If shape and location are so closely related to connectivity, why is connectivity the better approach? The answer is the connectionist mantra, “The function of a neuron is chiefly defined by its connections with other neurons.” Connections are directly related
to function, while shape and location are only indirectly so.
A similar strategy can be applied to divide the brain more coarsely into regions rather than neuron types. In the discussion of rewiring I mentioned that each cortical area possesses a unique “connectional fingerprint,” or pattern of connection with other cortical areas as well as regions outside the cortex. We could turn this around and use it to define cortical areas. If we carve a connectome into groups of contiguous neurons, so that each group shares a common connectional fingerprint, we should end up with brain regions. (We'd have to constrain the groups to not overlap in space, or else they might end up being intermingled neuron types rather than spatially distinct regions.)

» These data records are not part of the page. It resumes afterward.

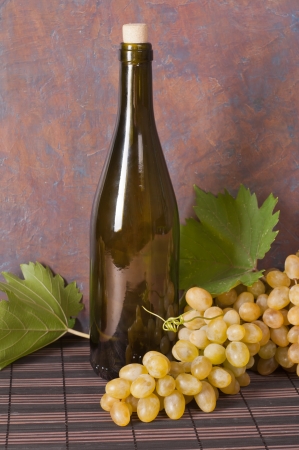 bottles of wine and ripe grapesの写真素材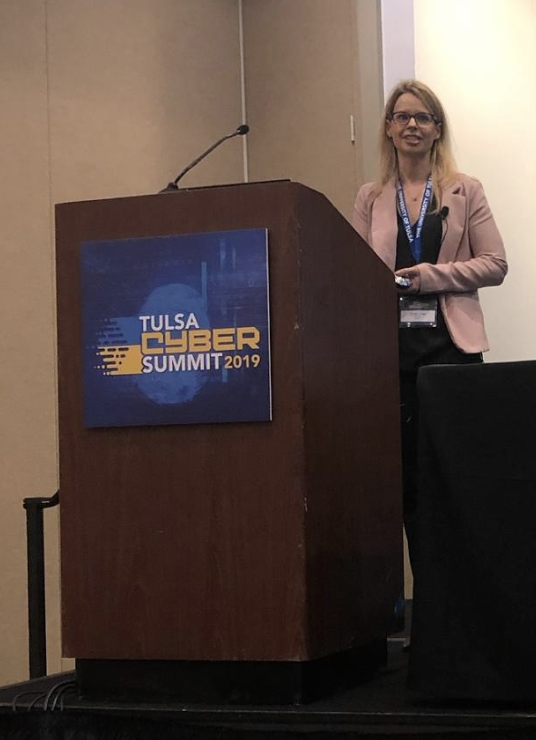Crystal Lister speaking on insider risk at the Tulsa Cyber Summit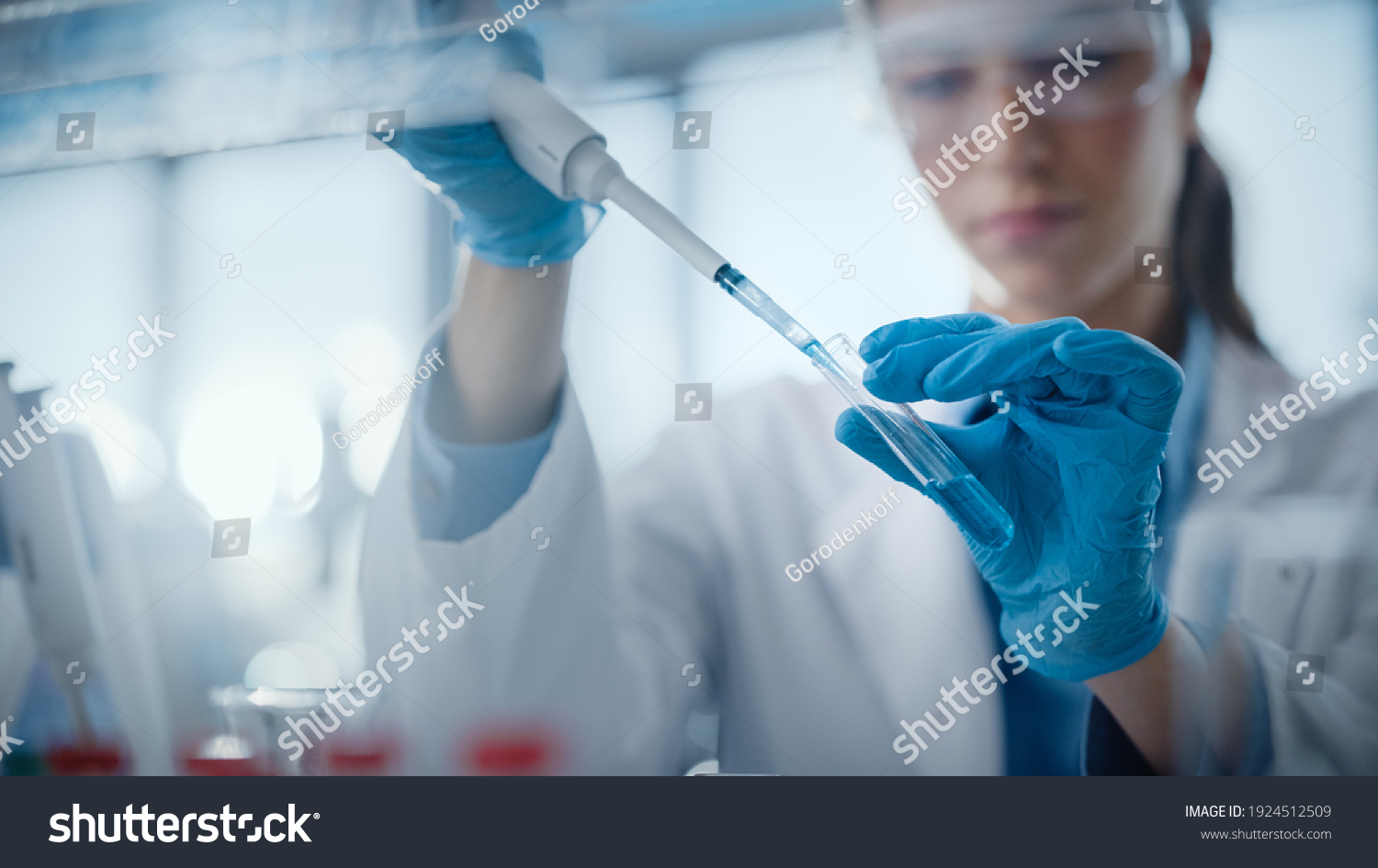 Medical Research Laboratory: Portrait of a Beautiful Female Scientist Using Micro Pipette for Analysis. Advanced Scientific Lab for Medicine, Biotechnology, Microbiology Development. Hands Close-up #1924512509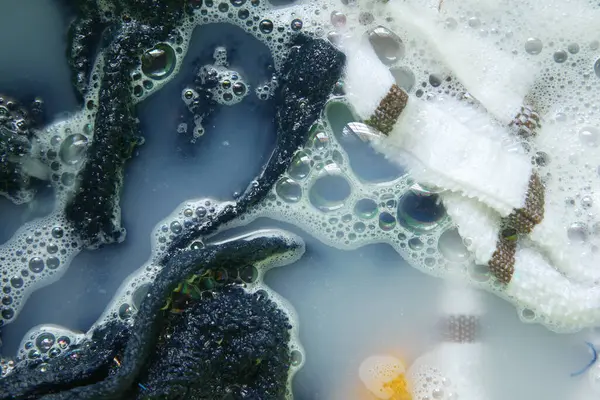 Köpüklerle dolu sabunlu suya batırılmış koyu ve açık renkli giysiler..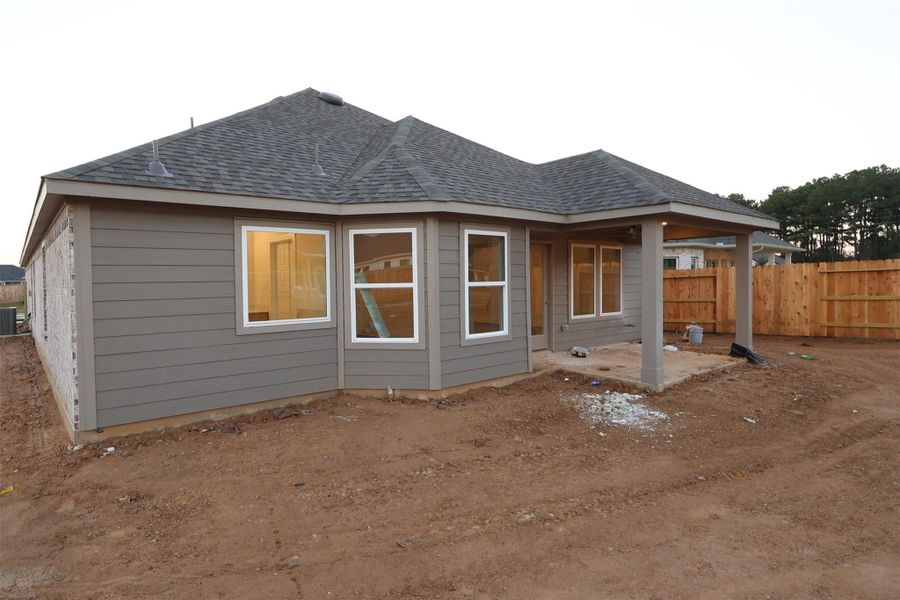 Front exterior of a new home in Sorella, Tomball, TX, highlighting curb appeal (Image 2).
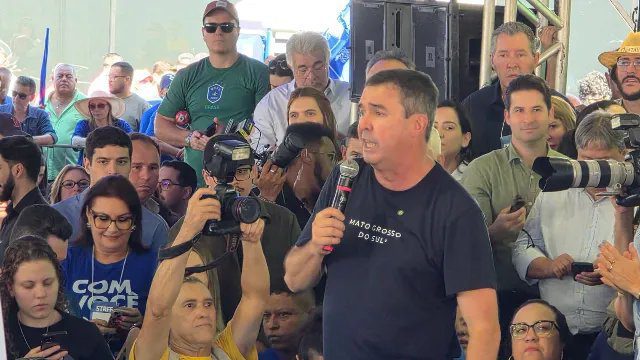 Governador Eduardo Riedel discursando em convenção partidária com bandeiras ao fundo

How is this related to Brodmann's use of layering to define cortical areas? Again, layering should be regarded as a proxy for connectivity. For example, areas 17 and 18 differ by the thickness of layer 4, because of their different connectivity. Layer 4 of area 17
is swollen with many neurons that receive connections from pathways originating in the eyes. The adjacent area 18 doesn't receive such axons, so its layer 4 is not as large.